Walter Kasper, allemand comme Ratzinger, est l'une des figures les plus éminentes du prochain conclave. Hier, il a eu 80 ans, mais comme le Siège Apostolique est vacant depuis le 1er Mars, il aura accès à la chapelle Sixtine. Il y entre comme le plus âgé des cardinaux. Et pas seulement, il y entre comme le seul cardinal de la Curie romaine - pendant dix-huit ans, il a dirigé le «ministère» qui s'occupe d'œcuménisme - qui été capable de tenir tête à Ratzinger sur son terrain, la grande théologie. D'un côté, Ratzinger, chef de file des néo-conservateurs, de l'autre Kasper, leader des progressistes (!!!)

- Eminence, que direz-vous à Benoît XVI quand vous irez le trouver, après la fin du conclave?
«Beaucoup de choses. La première est une recommandation. Je lui suggèrerai de ne se laisser utiliser par personne. C'est un trop gros risque que le gouvernement de l'Eglise subisse son influence. Cela ne doit pas être. Il a fait un choix clair, ce qui suppose de se mettre en retrait. Il devra, par conséquent, être discret. Éviter d'entrer dans les questions relatives à la gouvernance des politiques de l'Église, dans les politiques ecclésiales. Et puis je lui parlerai amicalement de ce qui nous plaît à tous deux, la théologie».

- Un sujet très important en Allemagne, c'est l'indépendance des Eglises locales vis-à-vis de Rome. Le Pape est considéré comme une figure d'autorité qui impose d'en haut ses diktats. Et le sentiment de séparation d'avec Rome, le sentiment que l'on peut se passer de Rome, est enraciné. Qu'en pensez-vous?
«Qu'il faut une nouvelle modalité dans l'exercice du gouvernement de l'Église. Cette modalité s'appelle collégialité, un gouvernement plus horizontal. La collégialité doit s'étendre des évêques à des formes de représentation de toutes les composantes du peuple de Dieu. Une telle collégialité irait dans la direction du Concile Vatican II, de l'unité dans la diversité entre tous les croyants dans l'Evangile et d'un plus grand dialogue avec les autres religions. Il faut sortir des sécheresses du centralisme romain, développant la conviction que centre ne signifie pas centralisme».

- À la lumière de la nécessité d'une plus grande collégialité, estimez-vous que la Curie romaine, ainsi qu'elle est structurée, doit être reconsidérée?
«La réforme de la Curie est une priorité. Mais en même temps, c'est un gros problème. Parce qu'aujourd'hui, à la curie romaine, il n'y a pas de dialogue interne. Les dicastères ne se parlent pas, il n'y a pas de communication.
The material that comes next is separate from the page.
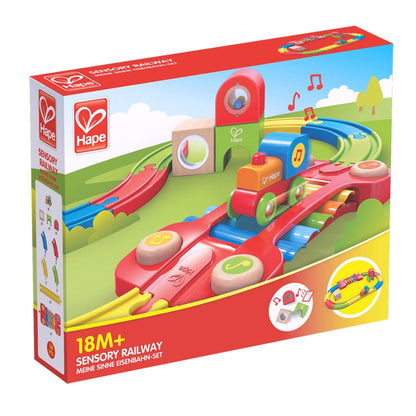 Introducing Sensory Train Track with SKU 82382224 recommended for ages 18 months+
Et cet état de choses doit être changé».

- C'est également à la lumière d'une curie structurée de manière "verticale" qu'ont pu naître les factions opposées qui ont finalement conduit à la déflagration des Vatileaks?
«Dans les congrégations générales, nous n'avons pas encore parlé de Vatileaks. Je pense que la curie, en général, au-delà de ce qui a émergé avec Vatileaks, devrait être révolutionnée. Et je pense qu'en plus du mot réforme, il faut en utiliser un autre: la transparence. La curie doit commencer à s'ouvrir, à ne pas craindre la transparence».
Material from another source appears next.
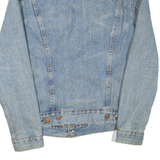 LEVI'S Mens Denim Jacket Blue S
- Ratzinger dans les méditations du Chemin de Croix en 2005 a parlé de la "saleté" dans l'Eglise. Il y a quelques heures un cardinal écossais a annoncé ne pas assister au conclave pour avoir eu un "comportement inapproprié" envers des séminaristes. Comment se sent un prince de l'Église face ces nouvelles?
«Pas très bien. Ratzinger, cependant, a montré une nouvelle voie, qui est la ligne du nettoyage dans l'Église. Je lui en rends acte: il a agi différemment des autres».
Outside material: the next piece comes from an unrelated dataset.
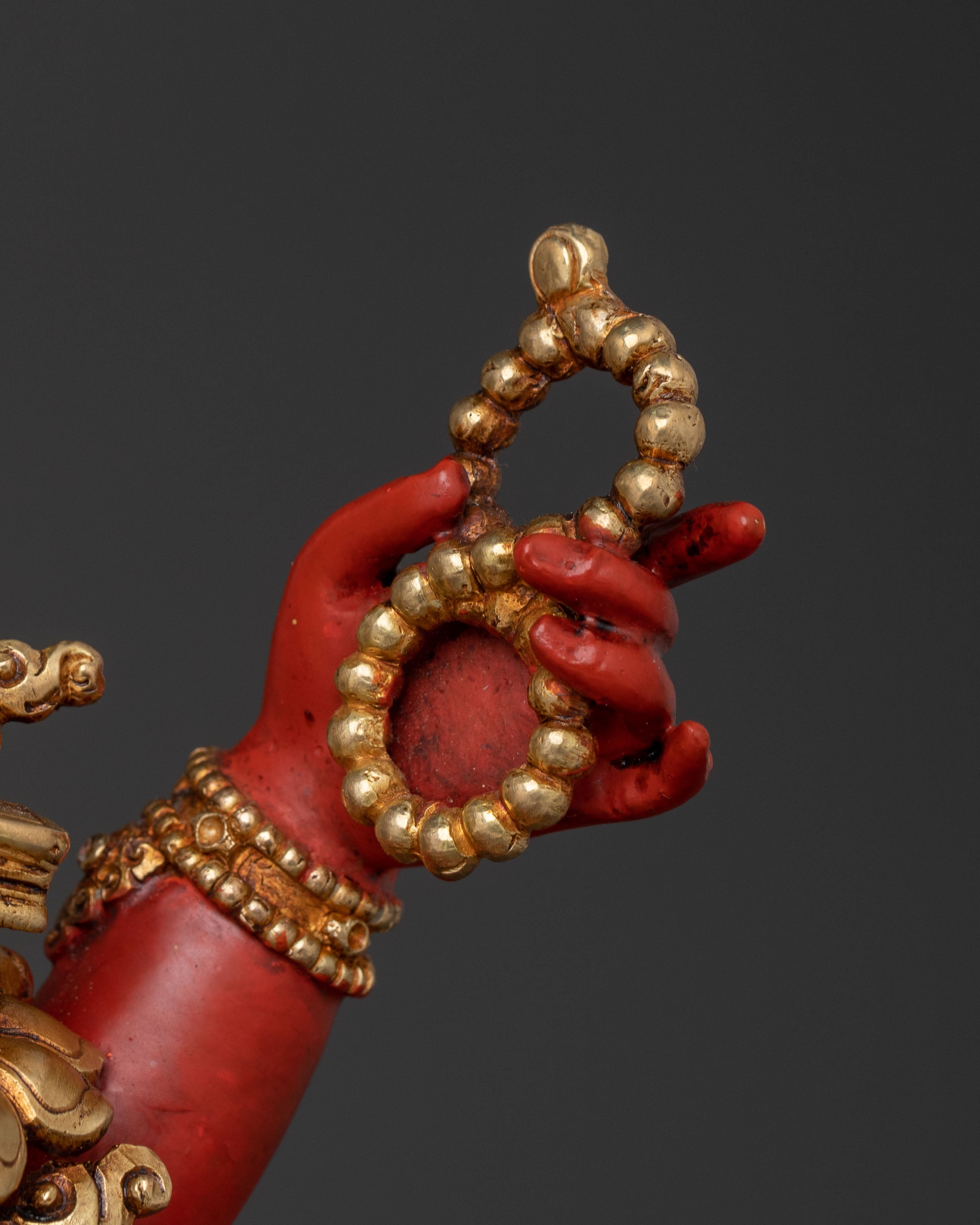 Unique Depiction of Maha Manjushri | Wisdom Bodhisattva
- Le célibat, le sacerdoce féminin, l'homosexualité. Les questions qui agitent la conscience de nombreux fidèles reviennent en force dans le débat public. Sur les catholiques divorcés qui une fois remariés ne peuvent pas accéder à la communion, Ratzinger avait déclaré que "le problème doit être encore approfondi" (??). Jusqu'où peut aller l'Eglise?
«L'interdiction de donner la communion aux divorcés remariés est une blessure. Je ne veux pas indiquer la voie à suivre, mais une chose est certaine: nous avons besoin d'une sérieuse remise en question sur le sujet. Il faut l'humilité d'aborder la question au cas par cas. La règle peut être modifiée en fonction des différentes situations».

Vous avez des favoris sur le prochain Pape?
«Je souhaite que poersonne ne soit entravé. Nous devons être ouverts à tous, à toute nationalité et géographie de l'Eglise».